Drink driving

Bar and keys

Drink driving is one of the biggest killers on Victoria's roads, with around 1 in 5 drivers and riders killed having a Blood Alcohol Concentration (BAC) over the legal limit of 0.05 (5 year average). Driving while under the influence of alcohol affects perception, vision, concentration, reaction time and causes drowsiness – all of which increase the chances of having an accident.

Alcohol can affect us in different ways from one day to the next – this means there's never a 'safe' amount to drink when you’re planning to drive.

The way to avoid drink driving is simple. If you're going to drink, plan not to drive. There are other options to getting home such as booking a taxi, uber, organising a designated driver or public transport.

If people avoid driving after drinking, the number of road fatalities could be reduced by up to 20%. The separation of drinking and driving is yet another demonstration of the “proof” as to how we are going to achieve a vision of zero deaths and serious injuries on our roads.

From 30th April if you get caught drink driving at 0.05 or more you’ll:

  • Need to pay a fine
  • Lose your licence
  • Need to complete a compulsory drink driver behaviour change program; and
  • Need to get an alcohol interlock installed in any vehicle you drive (once re-licensed) for at least six months.

This also applies to commercial drivers who commit their first drink driving offence with a BAC under .05.

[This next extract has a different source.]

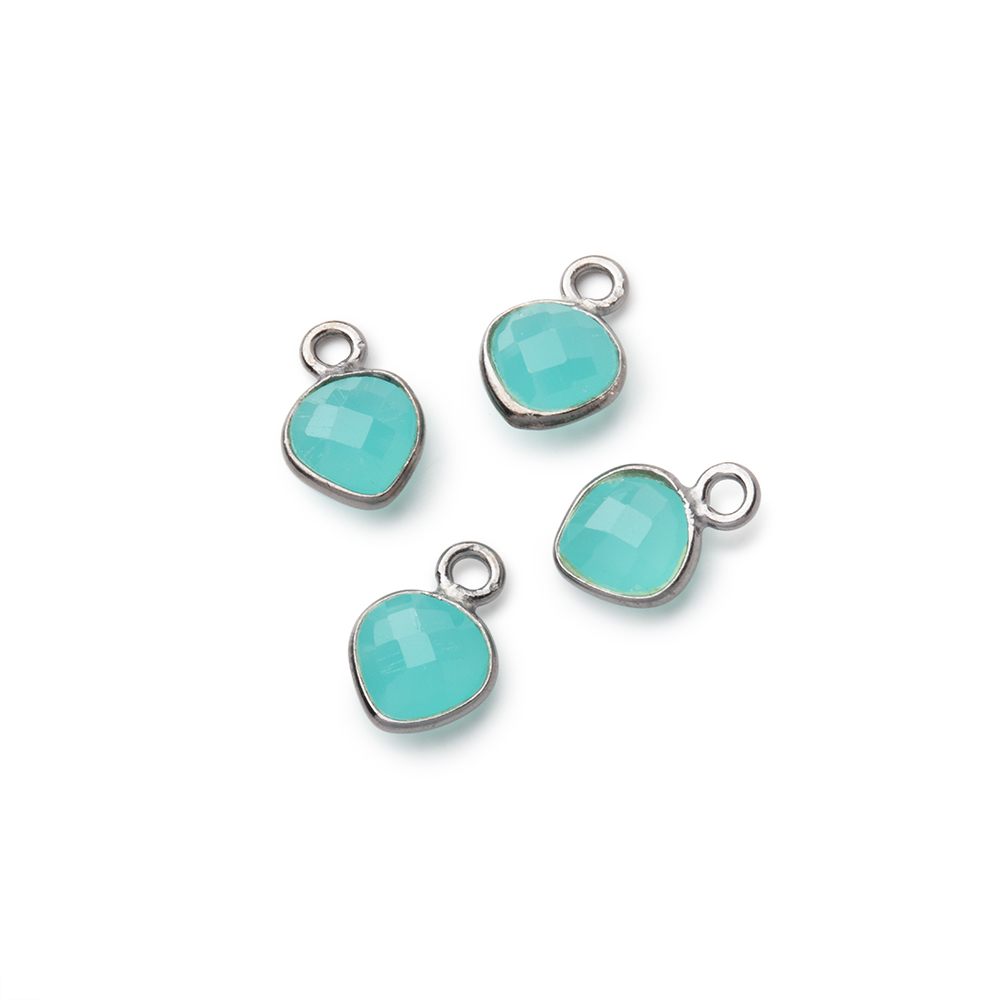 7mm Bezel Set Seafoam Blue Chalcedony Faceted Heart Set of 4 Pendants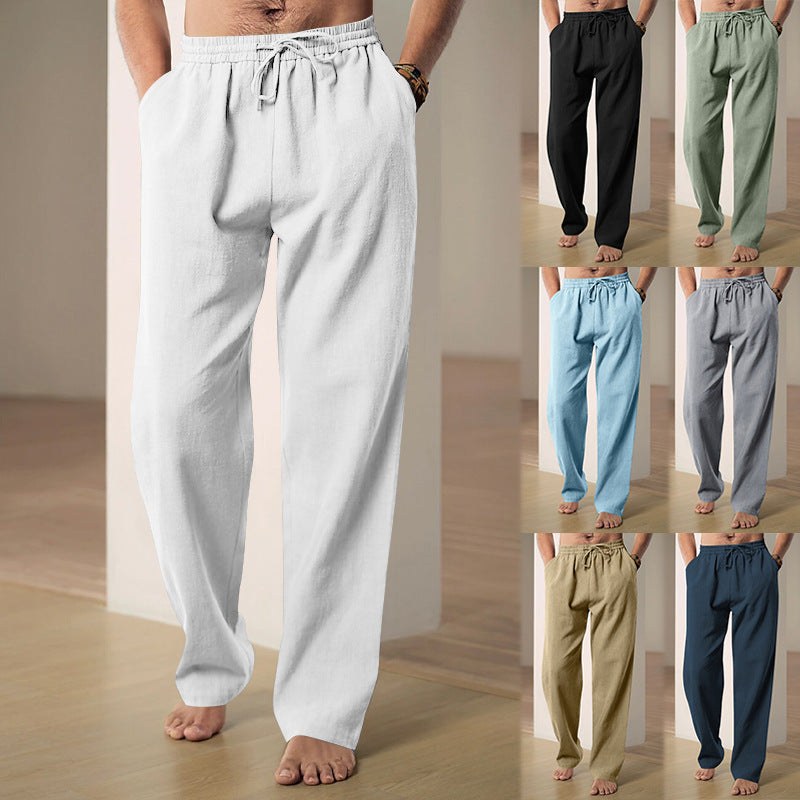 Konrad Linen Trousers with Elastic Waist and Side Pockets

What we're doing about drink driving

As part of the Towards Zero Action Plan, we are:

  • Introducing 10 new purpose-built drug and booze buses.
  • Trialling ‘alco-gates’ - alcohol sensors linked to exit boom gates within a car park - to prevent drink drivers getting out onto the roads
  • Fitting alcohol interlock devices (which stop a driver from starting the vehicle if they have been drinking) to all drink drivers' vehicles when they are relicensed. A Victorian study found a 79% reduction in drink-drive offending among repeat drink-drivers required to have an interlock fitted upon relicensing
  • Tackling the wider issue of drink driving with better assessments and screening for alcohol problems, and more effective behaviour change programs.
  • Looking at requirements for repeat offenders to have a zero blood alcohol limit for life
  • Promoting the benefits of separating drinking from driving to all drivers, like planning ahead how to get home from a night out.